The theoretical study of collisions has a long history. It was started in the early 80 s, but even nowadays the academic interest in astrophysical collisions has never fallen off completely, see for instance [3] [4] .
In the old numerical simulations of colliding gas clouds that were done with particle based codes, the clouds partially penetrated each other; and in the case of collisions with high Mach numbers, they passed completely one to another, see [5] . These non-physical results were the consequence of the neglect of artificial viscosity that was later used by [6] .
In simulations based on grid techniques, there were also important limitations, for example, those considering only two spatial dimensions or neglecting self-gravity. In spite of this, the complexity of the phenomenon was uncovered many years ago. For instance, [7] studied head-on collisions with several two clouds combinations, in which one of them represented a giant molecular cloud, and the second one was smaller and denser than the former. They also considered several cases according to the internal density structure of the clouds: some were uniform while others clumpy.
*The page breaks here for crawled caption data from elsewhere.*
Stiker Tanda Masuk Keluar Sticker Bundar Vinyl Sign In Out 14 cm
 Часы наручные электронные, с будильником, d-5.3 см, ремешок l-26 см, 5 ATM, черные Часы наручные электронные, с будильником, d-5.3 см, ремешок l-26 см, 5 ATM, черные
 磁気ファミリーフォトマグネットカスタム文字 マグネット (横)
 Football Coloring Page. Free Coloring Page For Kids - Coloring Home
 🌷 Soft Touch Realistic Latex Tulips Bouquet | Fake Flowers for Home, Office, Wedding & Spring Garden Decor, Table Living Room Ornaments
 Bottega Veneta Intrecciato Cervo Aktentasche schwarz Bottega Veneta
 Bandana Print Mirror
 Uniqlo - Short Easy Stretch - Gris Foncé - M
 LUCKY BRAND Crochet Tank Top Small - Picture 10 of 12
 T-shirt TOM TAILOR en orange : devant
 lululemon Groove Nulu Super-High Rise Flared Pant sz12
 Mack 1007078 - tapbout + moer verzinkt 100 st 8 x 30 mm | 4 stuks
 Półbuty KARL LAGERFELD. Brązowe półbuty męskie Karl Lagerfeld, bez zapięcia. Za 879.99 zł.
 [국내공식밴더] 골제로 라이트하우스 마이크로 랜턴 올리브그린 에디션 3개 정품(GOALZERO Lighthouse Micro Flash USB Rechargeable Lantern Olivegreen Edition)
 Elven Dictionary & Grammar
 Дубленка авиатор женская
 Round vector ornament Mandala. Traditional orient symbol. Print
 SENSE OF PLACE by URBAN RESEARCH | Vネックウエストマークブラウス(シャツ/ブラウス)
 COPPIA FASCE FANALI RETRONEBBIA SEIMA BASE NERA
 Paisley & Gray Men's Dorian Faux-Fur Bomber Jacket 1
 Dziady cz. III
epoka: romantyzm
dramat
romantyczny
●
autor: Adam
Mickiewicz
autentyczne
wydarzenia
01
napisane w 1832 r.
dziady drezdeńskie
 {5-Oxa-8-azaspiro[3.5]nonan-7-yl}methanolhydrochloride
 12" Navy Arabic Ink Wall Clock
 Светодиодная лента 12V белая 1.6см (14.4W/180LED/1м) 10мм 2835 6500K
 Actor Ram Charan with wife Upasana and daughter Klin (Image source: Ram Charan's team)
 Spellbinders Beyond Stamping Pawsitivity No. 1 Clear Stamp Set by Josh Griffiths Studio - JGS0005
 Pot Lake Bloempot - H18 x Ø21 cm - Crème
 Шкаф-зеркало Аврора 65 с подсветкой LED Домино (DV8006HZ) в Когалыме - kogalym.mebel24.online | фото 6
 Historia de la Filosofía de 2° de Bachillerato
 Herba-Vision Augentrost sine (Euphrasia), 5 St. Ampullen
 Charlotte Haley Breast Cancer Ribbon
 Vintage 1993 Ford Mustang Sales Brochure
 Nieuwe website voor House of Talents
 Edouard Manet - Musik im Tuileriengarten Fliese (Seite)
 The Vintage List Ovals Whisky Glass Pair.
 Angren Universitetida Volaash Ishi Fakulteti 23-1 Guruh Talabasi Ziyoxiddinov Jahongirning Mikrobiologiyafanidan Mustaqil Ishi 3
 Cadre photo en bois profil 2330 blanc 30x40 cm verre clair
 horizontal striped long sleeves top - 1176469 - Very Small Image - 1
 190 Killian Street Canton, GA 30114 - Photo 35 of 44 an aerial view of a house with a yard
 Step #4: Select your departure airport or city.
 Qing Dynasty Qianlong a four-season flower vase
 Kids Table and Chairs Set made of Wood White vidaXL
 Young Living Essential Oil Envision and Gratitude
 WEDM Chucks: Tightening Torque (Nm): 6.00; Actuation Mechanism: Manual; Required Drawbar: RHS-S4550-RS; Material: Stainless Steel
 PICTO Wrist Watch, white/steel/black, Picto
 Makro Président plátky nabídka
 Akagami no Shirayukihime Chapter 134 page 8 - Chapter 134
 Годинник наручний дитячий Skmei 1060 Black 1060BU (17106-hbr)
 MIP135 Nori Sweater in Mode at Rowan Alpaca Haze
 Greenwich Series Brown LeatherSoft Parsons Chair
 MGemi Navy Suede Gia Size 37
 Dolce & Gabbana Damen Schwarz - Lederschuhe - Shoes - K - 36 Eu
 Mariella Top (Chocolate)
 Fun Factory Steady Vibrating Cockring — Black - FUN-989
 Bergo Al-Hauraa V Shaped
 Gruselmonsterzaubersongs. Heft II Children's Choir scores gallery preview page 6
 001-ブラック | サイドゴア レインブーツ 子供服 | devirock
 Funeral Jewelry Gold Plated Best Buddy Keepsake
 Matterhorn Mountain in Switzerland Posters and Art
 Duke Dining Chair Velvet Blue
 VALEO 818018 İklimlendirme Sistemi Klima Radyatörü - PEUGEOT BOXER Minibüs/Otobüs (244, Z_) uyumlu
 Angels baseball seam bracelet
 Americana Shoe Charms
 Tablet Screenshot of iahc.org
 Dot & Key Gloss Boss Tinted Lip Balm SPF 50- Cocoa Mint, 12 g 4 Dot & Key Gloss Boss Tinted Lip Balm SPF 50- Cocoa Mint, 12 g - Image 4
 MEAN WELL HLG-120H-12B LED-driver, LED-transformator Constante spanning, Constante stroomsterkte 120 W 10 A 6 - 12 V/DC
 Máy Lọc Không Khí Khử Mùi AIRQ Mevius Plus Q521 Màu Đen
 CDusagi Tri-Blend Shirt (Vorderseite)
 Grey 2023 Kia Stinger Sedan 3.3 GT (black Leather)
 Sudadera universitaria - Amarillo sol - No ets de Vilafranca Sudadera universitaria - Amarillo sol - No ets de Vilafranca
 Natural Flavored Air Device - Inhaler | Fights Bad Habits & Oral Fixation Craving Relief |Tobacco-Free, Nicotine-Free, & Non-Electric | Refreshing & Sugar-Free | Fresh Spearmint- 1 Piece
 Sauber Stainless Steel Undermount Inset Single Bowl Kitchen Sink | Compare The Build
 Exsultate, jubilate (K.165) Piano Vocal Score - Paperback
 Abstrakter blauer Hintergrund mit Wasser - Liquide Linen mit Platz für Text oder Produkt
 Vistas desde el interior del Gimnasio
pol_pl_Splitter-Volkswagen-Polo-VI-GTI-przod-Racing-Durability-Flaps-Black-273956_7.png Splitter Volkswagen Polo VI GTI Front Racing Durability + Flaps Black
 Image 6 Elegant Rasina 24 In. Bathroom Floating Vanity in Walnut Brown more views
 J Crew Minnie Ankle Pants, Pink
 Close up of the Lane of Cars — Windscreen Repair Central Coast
In their two dimensional hydrodynamical calculations, the effect of the self-gravity of the gas was unfortunately not taken into account.
Besides, [8] performed two dimensional collision simulations between atomic hydrogen clouds using the AMR (Adaptive Mesh Refinement) numerical technique. In their hydrodynamic equations, they included heating and cooling functions as well as a magnetic pressure term. They considered homogeneous clouds with cylindrical symmetry and surface perturbations, and showed that a filament forms at the interface of the clouds and that the gas flow outwards from the edge of the filament. They estimated that a numerical simulation based on particles with a similar resolution should include at least one million particles. Unfortunately, again their simulations did not include self gravity.
Additionally, [9] also considered collisions between giant spherical clouds within the framework of the Smoothed Particle Hydrodynamics (SPH) Lagrangian technique. The mass of each cloud was 2222M⊙ with a radius of 10 pc. Their collision models with clouds at a temperature of 20 K and with an approaching speed of 10 km∙s−1 produced fragments with a size of 0.1 pc and with a peak density number of 104 cm−3. The conclusion of their calculation was that cloud collisions certainly stimulate the formation of clumpy structures. A drawback of this study is that the authors only used 4096 particles to model such a huge cloud.
There are non-spherical collision models reported in the literature as well, for instance [10] considered two identical, parallel gas slabs, semi-infinite in extent so that each slab could be considered two dimensional, in such a way that the collision takes place in only one spatial dimension.
Although the papers mentioned above are only a representative sample of the vast amount of existing literature, in view of them, we believe it is timely to devote this paper to make new numerical simulations of the collision process, taking advantage of both new capabilities of modern computers and improved numerical techniques.
We now present numerical high resolution three-dimensional (3D) hydrodynamical simulations of spherical cloud collisions, including the self-gravity of the gas. As mentioned earlier, we restrict ourselves to considering only binary collisions between identical clouds.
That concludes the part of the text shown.